Is there any way to discover what charset encoding a file is using?
There's no way to do this with 100% reliability. You have to decide which cost vs accuracy tradeoffs you are comfortable with. I discuss many possible algorithms (with pros & cons) in this reply: http://stackoverflow.com/questions/1077634/powershell-search-script-that-ignores-binary-files/1078277#1078277
As Richard indicated, theres no completely reliable way to do this. However, here are some potentially helpful links:
http://www.codeproject.com/KB/recipes/DetectEncoding.aspx
http://www.devhood.com/tutorials/tutorial_details.aspx?tutorial_id=469
http://msdn.microsoft.com/en-us/netframework/aa569610.aspx#Question2
See this: Detecting File Encodings in .NET
From Msdn:
There is no great way to detect an arbitrary ANSI code page, though there have been some attempts to do this based on the probability of certain byte sequences in the middle of text. We don't try that in StreamReader. A few file formats like XML or HTML have a way of specifying the character set on the first line in the file, so Web browsers, databases, and classes like XmlTextReader can read these files correctly. But many text files don't have this type of information built in.

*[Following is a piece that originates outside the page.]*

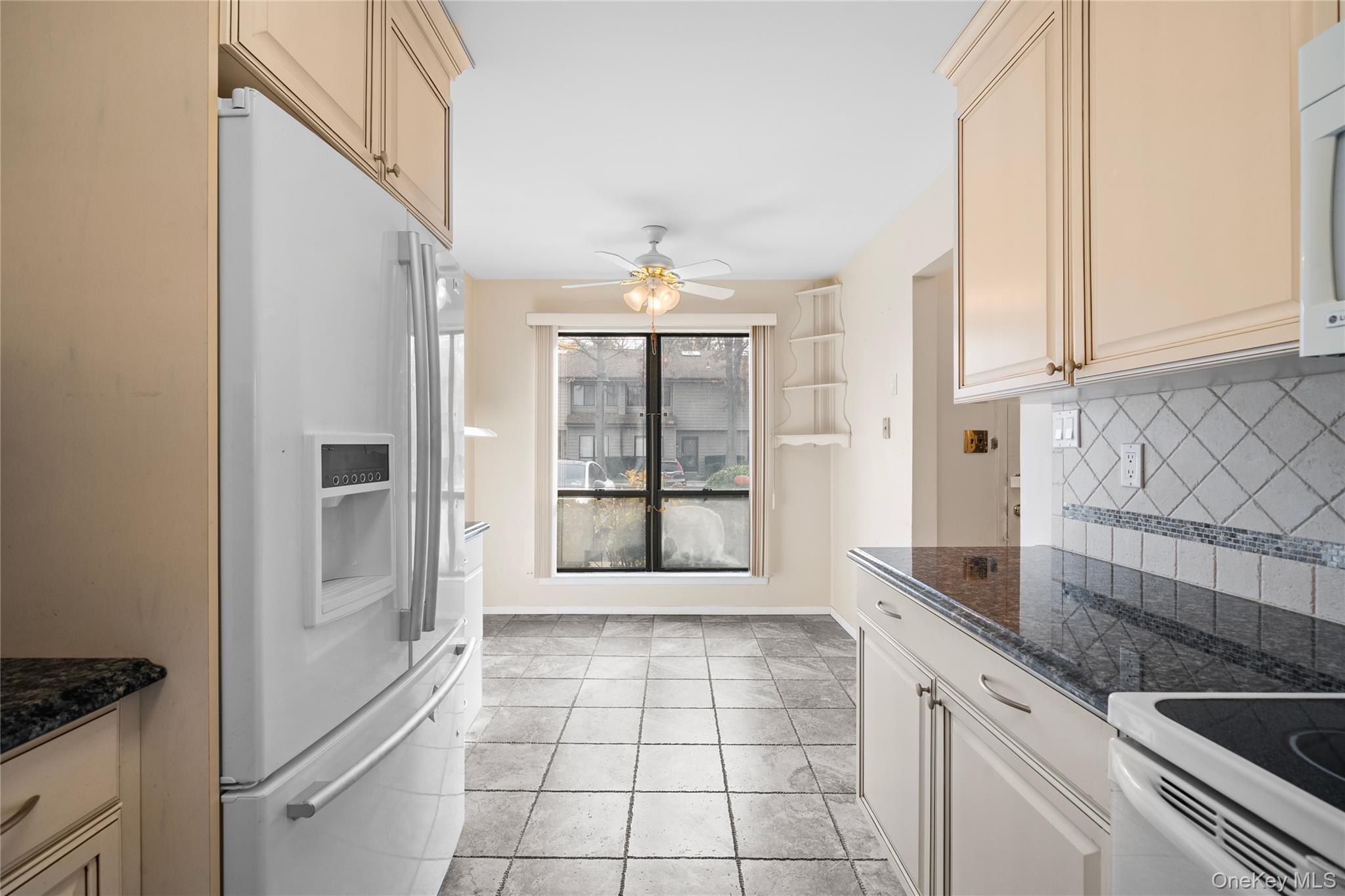 #5 photo, 64 Stanford Court, Wantagh , NY 11793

The only way to reliably do this is to look for byte order marks at the start of the text file. (This blob more generally represents the endianness of character encoding used, but also the encoding - e.g. UTF8, UTF16, UTF32). Unfortunately, this method only works for Unicode-based encodings, and nothing before that (for which much less reliable methods must be used).
The StreamReader
type supports detecting these marks to determine the encoding - you simply need to pass a flag to the parameter as such:
new System.IO.StreamReader("path", true)
You can then check the value of stremReader.CurrentEncoding
to determine the encoding used by the file. Note however that if no byte encoding marks exist, then CurrentEncoding
will default to Encoding.Default
.
I've coded that a while ago in C++, and it got pretty complex. Here's what I do (accepting the first that matches):
- Look for Byte Order Marks
- Check if the text is valid UTF-32 BE/LE
- Check if the text is valid UTF-16 BE/LE
- Check if the text is valid UTF-8
- Assume current code page
This copes with the many BOM-less text files that are out there, but does not help with text stored with custom ANSI code pages.

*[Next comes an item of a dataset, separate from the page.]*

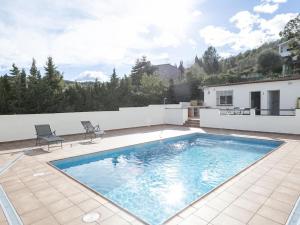 uma piscina com duas cadeiras e uma casa em Ca La Carmina em Pontons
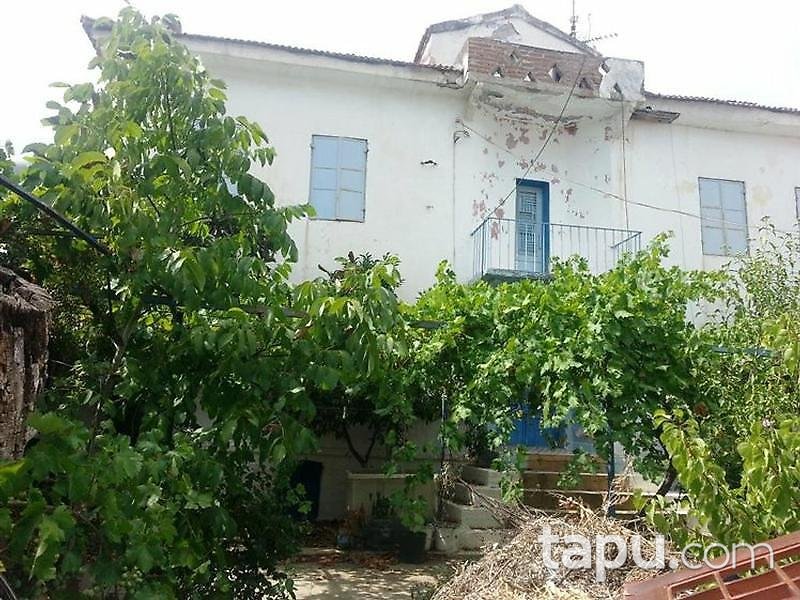 İzmir Bayındır Yakapınar Köyü'nde 240 m2 Müstakil Ev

For these, there's no deterministic detection possible. E.g. a file saved with "eastern european" encoding and loading on a computer with "western european" default code page will be garbled.
The only possibility to help in this case is let the user select the code page (from a user experience, the best would be letting the user change the assumed encoding when he sees the text).
It works OK on a test set but of course misinterpretations are possible, if unlikely.
Code Pages could be determined by a statistical analysis of the text (e.g. frequency of character pairs and triplets containing non-ASCII characters, or word lists in different languages, but I haven't found any suitable approach trying that.
The Win32 IsTextUnicode is notoriously bad, it checks only for UTF-16, and is probably the culprit behind the "bush hid the facts" thing in notepad.
As peterchen wrote you should write "bush hide the facts" in the Notepad.exe, save and reopen it to see how difficult is to detect the Encoding.